Large documents that a large number of positions will suffer from poor editing experience due to the position handling in the document.

The document maintains two sorted lists (by start offset, by end offset) of positions what are populated one-by-one and the lookup has basically a fall-back to a complete scan of the lists.
While these lists / the algorithm serves its purpose, it imposes also some performance penalties that can be avoided. The attached test illustrates the runtime behaviour with large documents (numbers below).

I'd like to propose an extension to the IPositionUpdater that basically shifts the entire responsibility for storing / maintaining the positions of a given category into the updater. Implementations, that guarantee non-overlapping positions (e.g. the highlighter in JDT) can exploit more efficient data structures and algorithms to update the positions on document changes.
It would also be worthwhile to have IDocument.addPositions(String, List<Position>) and IDocument.removePositions respectively to allow to trigger bulk changes and avoid the unnecessary costs of repetitive insertion sorting into the positions lists.

I'm willing to work on this and provide a Gerrit, if you consider this interesting.

The promised numbers to illustrate the urgency of this.

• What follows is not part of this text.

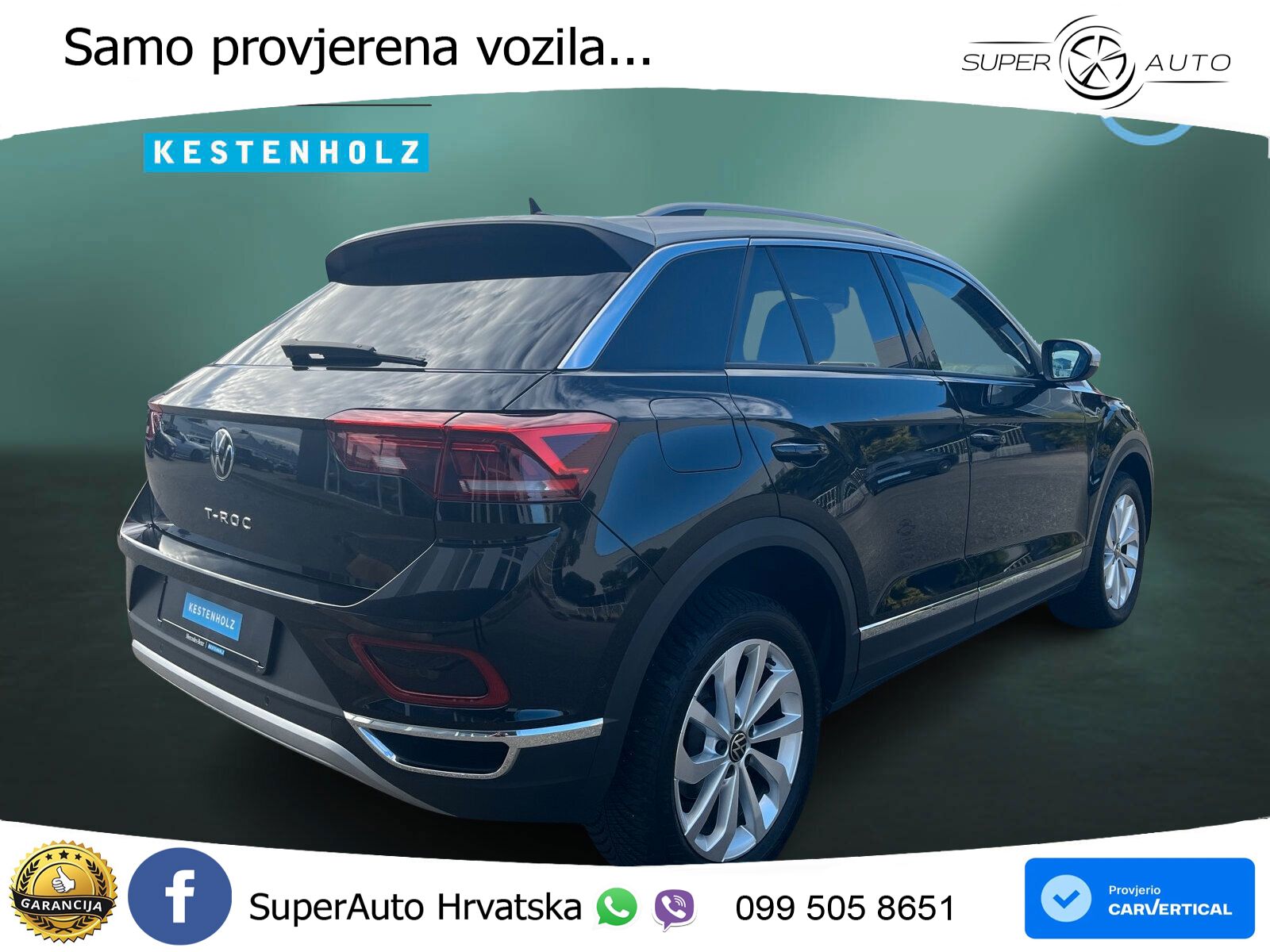 Volkswagen T-Roc I 2.0 TDI (150 KS) DSG LED+GR SJED+ACC
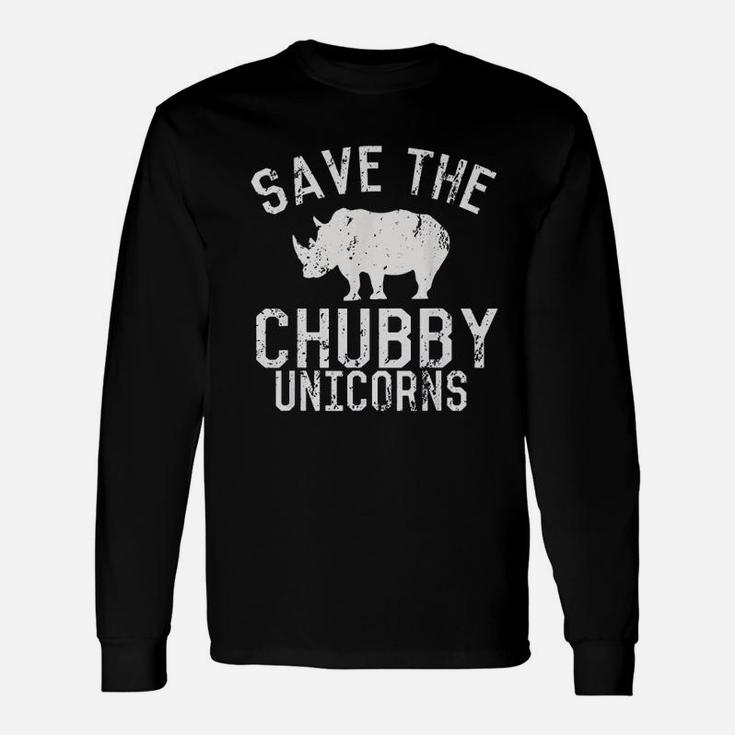 Save The Chubby Unicorns Fat Rhino Vintage Long Sleeve T-Shirt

#of positions|category|action
50000|highlighting|Add (ms): 31
50000|highlighting|Replace (ms): 9
50000|highlighting|Remove (ms): 256
290164|highlighting|Add (ms): 70
290164|highlighting|Replace (ms): 7
290164|highlighting|Remove (ms): 11497
50000|__dflt_position_category|Add (ms): 20
50000|__dflt_position_category|Replace (ms): 102
50000|__dflt_position_category|Remove (ms): 518
290164|__dflt_position_category|Add (ms): 58
290164|__dflt_position_category|Replace (ms): 4009
290164|__dflt_position_category|Remove (ms): 15886
50000|highlighting|Add (ms): 13
50000|highlighting|Replace (ms): 5
50000|highlighting|Re-Add (ms): 10
290164|highlighting|Add (ms): 100
290164|highlighting|Replace (ms): 3
290164|highlighting|Re-Add (ms): 32

Please note that the position update is triggered synchronously with the document event on the UI thread.
- Add is a loop that adds # positions.
- Replace is a document change that deletes 50% of the document content.
- Remove is a loop over all positions to remove the deleted positions from the document.
- Re-Add: same effect as "Remove", but remove the entire category and re-add only the positions, that are not deleted. I put this here to show the potential that even the most naive, custom position management has on the runtime.